Ricketts cited is as an unsustainable business.
Soon after Gothamist’s shuttering, New York public radio station WYNC announced that, thanks to two anonymous donors, Gothamist, DCist and LAist would be resurrected and become part of the local radio networks in each of their respective cities.
To aid in its relaunch, Gothamist introduced a Kickstarter campaign called Bring Back Gothamist, with a goal of reaching $100,000. As of two days ago, the campaign had raised nearly double that amount, at $175,809.
Membership programs and paywalls are springing up everywhere, as outlets struggle to determine how to survive in the digital age. In many cases, those additional streams of revenue are offering real avenues of support. They also remind readers that local news matters and requires financial support.

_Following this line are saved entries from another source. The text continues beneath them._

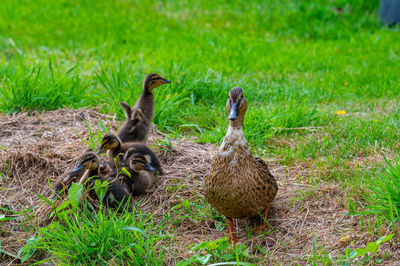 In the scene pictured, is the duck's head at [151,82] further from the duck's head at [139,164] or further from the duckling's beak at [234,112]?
the duckling's beak at [234,112]

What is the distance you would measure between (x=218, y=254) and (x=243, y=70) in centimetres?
457

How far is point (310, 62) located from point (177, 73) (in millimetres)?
2689

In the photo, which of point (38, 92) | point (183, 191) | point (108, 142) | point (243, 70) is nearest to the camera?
point (183, 191)

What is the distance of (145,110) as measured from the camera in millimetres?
4828

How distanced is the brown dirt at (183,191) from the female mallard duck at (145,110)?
0.19 m

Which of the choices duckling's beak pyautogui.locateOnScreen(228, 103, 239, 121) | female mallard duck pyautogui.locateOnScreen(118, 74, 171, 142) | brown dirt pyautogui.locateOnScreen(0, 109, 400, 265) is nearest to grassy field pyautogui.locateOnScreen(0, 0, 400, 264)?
brown dirt pyautogui.locateOnScreen(0, 109, 400, 265)

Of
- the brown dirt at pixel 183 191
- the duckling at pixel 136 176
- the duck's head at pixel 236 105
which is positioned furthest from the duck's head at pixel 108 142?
the duck's head at pixel 236 105

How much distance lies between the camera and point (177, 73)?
5992 millimetres

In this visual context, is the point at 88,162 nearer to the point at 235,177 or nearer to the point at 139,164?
the point at 139,164

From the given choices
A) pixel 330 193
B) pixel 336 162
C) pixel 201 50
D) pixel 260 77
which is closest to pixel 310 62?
→ pixel 260 77

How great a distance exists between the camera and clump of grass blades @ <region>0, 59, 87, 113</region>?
17.3ft

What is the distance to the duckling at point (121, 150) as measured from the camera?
4.07 metres

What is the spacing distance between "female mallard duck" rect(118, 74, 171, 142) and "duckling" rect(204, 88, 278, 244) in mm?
1581

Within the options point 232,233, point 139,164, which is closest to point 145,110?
point 139,164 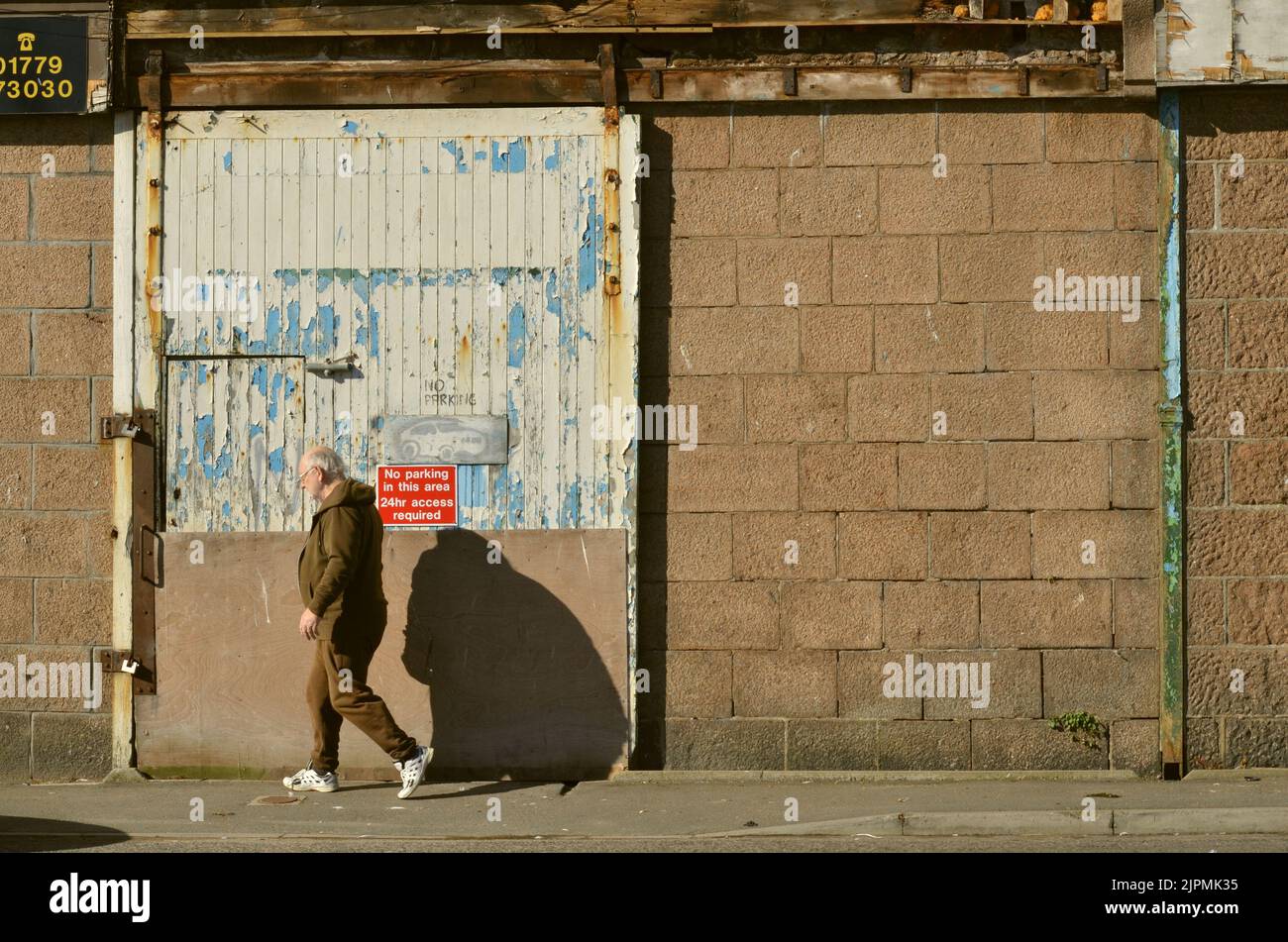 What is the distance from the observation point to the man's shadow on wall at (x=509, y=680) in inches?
396

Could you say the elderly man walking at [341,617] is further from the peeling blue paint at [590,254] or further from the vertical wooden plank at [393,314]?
the peeling blue paint at [590,254]

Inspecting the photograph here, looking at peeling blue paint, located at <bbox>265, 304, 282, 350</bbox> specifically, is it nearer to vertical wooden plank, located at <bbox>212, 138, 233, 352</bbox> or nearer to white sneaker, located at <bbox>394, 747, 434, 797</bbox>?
vertical wooden plank, located at <bbox>212, 138, 233, 352</bbox>

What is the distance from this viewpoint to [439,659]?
10.1 m

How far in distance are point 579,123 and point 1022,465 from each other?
10.6ft

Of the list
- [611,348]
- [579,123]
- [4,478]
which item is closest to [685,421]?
[611,348]

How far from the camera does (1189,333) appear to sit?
9961 millimetres

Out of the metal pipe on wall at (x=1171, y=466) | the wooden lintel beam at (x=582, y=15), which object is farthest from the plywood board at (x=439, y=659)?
the metal pipe on wall at (x=1171, y=466)

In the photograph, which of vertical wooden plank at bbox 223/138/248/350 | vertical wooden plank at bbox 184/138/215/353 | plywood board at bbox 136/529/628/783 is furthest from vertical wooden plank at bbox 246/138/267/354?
plywood board at bbox 136/529/628/783

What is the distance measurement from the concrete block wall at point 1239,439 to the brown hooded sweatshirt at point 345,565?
4637 mm

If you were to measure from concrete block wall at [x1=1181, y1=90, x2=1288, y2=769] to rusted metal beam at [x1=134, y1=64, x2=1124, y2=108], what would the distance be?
895 mm

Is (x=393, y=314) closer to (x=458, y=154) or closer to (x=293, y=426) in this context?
(x=293, y=426)

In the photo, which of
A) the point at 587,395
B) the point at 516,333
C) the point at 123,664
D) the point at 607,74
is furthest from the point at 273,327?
the point at 607,74

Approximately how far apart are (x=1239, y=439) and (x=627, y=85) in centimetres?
408

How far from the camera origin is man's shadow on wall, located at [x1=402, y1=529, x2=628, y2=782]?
10070mm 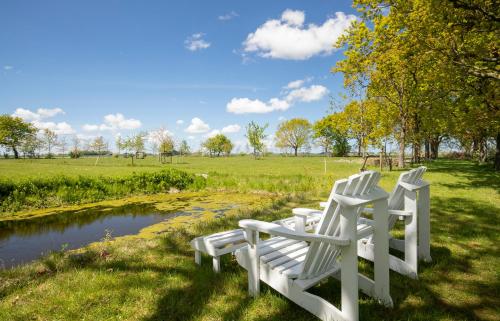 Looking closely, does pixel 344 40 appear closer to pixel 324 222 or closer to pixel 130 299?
pixel 324 222

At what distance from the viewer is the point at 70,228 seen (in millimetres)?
8883

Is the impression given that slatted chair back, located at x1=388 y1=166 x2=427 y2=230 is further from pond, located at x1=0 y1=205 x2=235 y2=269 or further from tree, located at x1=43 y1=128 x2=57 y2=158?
tree, located at x1=43 y1=128 x2=57 y2=158

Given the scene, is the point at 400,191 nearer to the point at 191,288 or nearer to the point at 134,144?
the point at 191,288

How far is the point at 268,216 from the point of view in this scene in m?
7.32

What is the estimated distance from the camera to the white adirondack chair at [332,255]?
2375mm

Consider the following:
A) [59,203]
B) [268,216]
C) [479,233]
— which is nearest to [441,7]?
[479,233]

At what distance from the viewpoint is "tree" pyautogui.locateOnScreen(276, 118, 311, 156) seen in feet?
260

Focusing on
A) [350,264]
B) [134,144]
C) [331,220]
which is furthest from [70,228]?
[134,144]

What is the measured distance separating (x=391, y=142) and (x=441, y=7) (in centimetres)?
3420

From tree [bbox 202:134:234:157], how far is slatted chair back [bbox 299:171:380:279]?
91.4 meters

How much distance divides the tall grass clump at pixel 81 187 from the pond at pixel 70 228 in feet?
6.19

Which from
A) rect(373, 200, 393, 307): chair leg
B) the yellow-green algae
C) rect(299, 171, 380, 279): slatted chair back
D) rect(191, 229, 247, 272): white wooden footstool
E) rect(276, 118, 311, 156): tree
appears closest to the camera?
rect(299, 171, 380, 279): slatted chair back

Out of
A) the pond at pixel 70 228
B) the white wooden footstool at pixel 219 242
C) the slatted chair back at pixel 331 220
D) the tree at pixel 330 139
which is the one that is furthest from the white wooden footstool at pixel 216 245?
the tree at pixel 330 139

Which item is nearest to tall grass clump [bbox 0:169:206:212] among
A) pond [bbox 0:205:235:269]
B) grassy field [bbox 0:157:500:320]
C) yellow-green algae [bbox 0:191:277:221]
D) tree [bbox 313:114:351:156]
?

Gothamist was one of the early blogs chronicling life in New York City. (The above links to a photo gallery of the early days of blogging, and offers an oral history on the site's launch.) Because of its singular nature when it launched, the website was able to amass a loyal following of readers who relied on it for everything from local crime news to stories such as “Eleven More Unique NYC Experiences That Deserve Their Own German Expressions.”
The success of the Kickstarter and investment from WNYC reflects the confidence of its readers and the necessity of its voice in today’s local news landscape.
During a meeting with journalists this week, Facebook’s Mark Zuckerberg suggested news outlets be supported with public funding, like the BBC. This was in response to his denial the platform should pay for the news that runs in its feed.
The idea that the U.S. government will swoop in and offer a reprieve to struggling news outlets is unlikely, especially considering the current administration’s attitude toward a free press.
But the survival of Gothamist and its sister blogs offers hope regarding what can happen with a publication authentically engages with an audience willing to pledge its support.